The most iconic woman who played in Paris was obviously La Divine Suzanne Lenglen, an immortal icon in the sporting firmament, able to win six titles in Paris (1909, 1910, 1911, 1912), dominating on the court and dictating law even in terms of fashion. Her untimely death marked an era, but her achievements still echo in the history of tennis.

Before her, Adine Masson was one of the first great tennis players of this tournament. Active between the end of the 1800s and the beginning of the 1900s, she won five editions of the French open, just over the course of two centuries (1897, 1898, 1899, 1902, 1903), including the first absolute edition of the Parisian women’s singles event.
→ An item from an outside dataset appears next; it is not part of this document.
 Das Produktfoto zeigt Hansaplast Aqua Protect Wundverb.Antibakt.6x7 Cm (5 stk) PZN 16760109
In an era dominated by French players, she was followed a few years later by Jeanne Matthey, a champion for four consecutive editions (1909, 1910, 1911, 1912).

Women who wrote the Roland Garros history

Talking about fashion and tennis, a great champion who has combined these two worlds is certainly Helen Wills Moody, four-time champion (1928, 1929, 1930, 1932), and considered one of the greatest tennis players of all time. At a time when the world was about to enter into the darkest period of its recent history, the Second World War, Hilde Sperling won three titles (1935, 1936, 1937), and formed with Gottfried von Cramm, one of the greatest mixed doubles team.
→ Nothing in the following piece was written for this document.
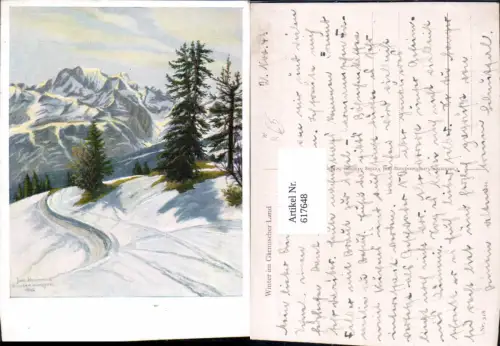 617648,Künstler Ak Jak. Kallmann Partenkirchen Winter im Garmischer Land Garmisch-Partenkirchen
The years of Margaret Smith (5 titles: 1962, 1964, 1969, 1970, 1973), preceded the era of Chris Evert, who with 7 titles (1974, 1975, 1979, 1980, 1983, 1985, 1986) is the most successful player in the history of women’s singles at Roland Garros. The American expressed her best tennis in Parisian Slam, battling with Martina Navratilova, one of her great rivals.
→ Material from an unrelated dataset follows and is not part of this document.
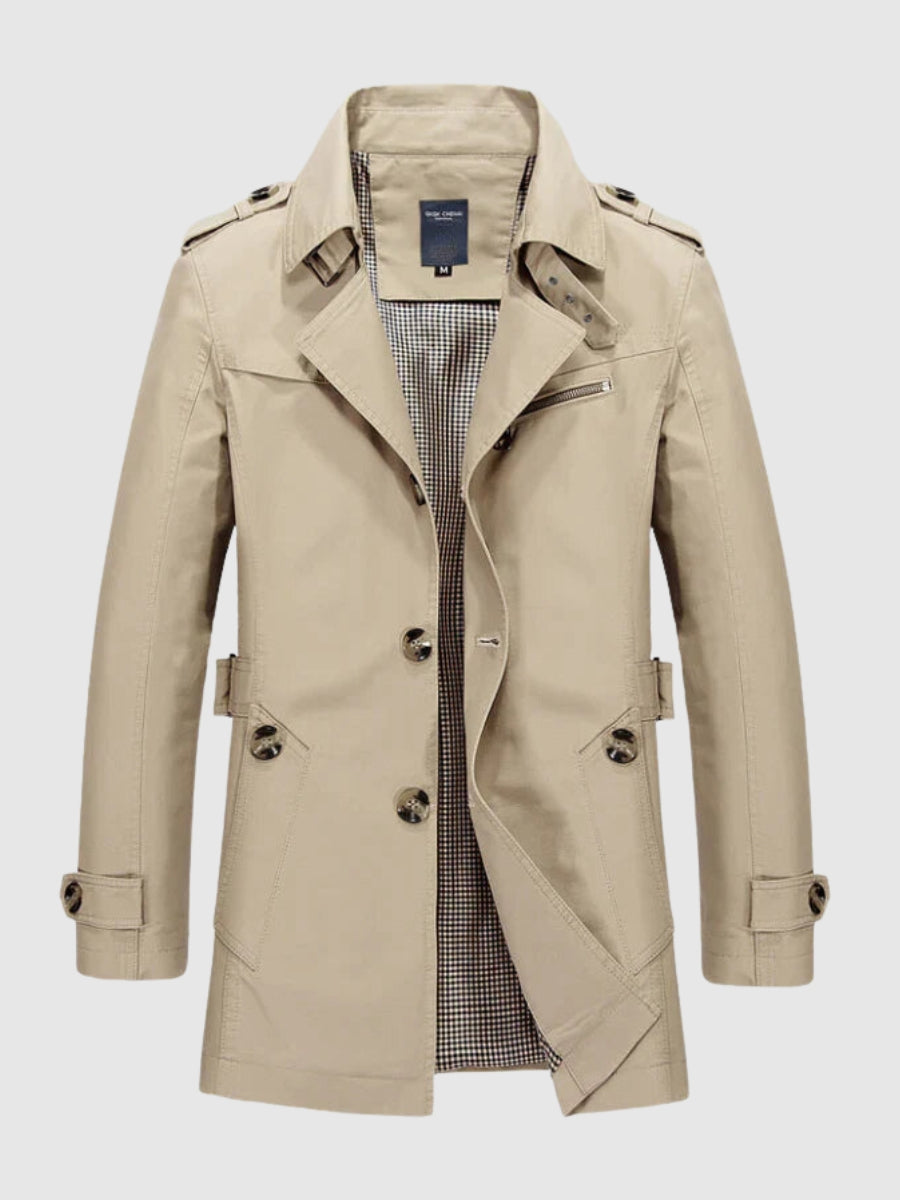 Tristan | Men's Belted Mid-Length Trench Coat - Image 1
Between the 80s and the 90s, it was Steffi Graf who took the honors and the titles (6 trophies won in Paris: 1987, 1988, 1993, 1995, 1996, 1999), before passing the scepter to another icon of the mid-90s, Monica Seles. The rest is recent history, with Justine Henin, Serena Williams and Maria Sharapova. But also the last winners like Garbine Muguruza, Simona Halep and Ashleigh Barty, and the young Iga Swiatek, all players born in ’90 and 2000, who won the Parisian Slam.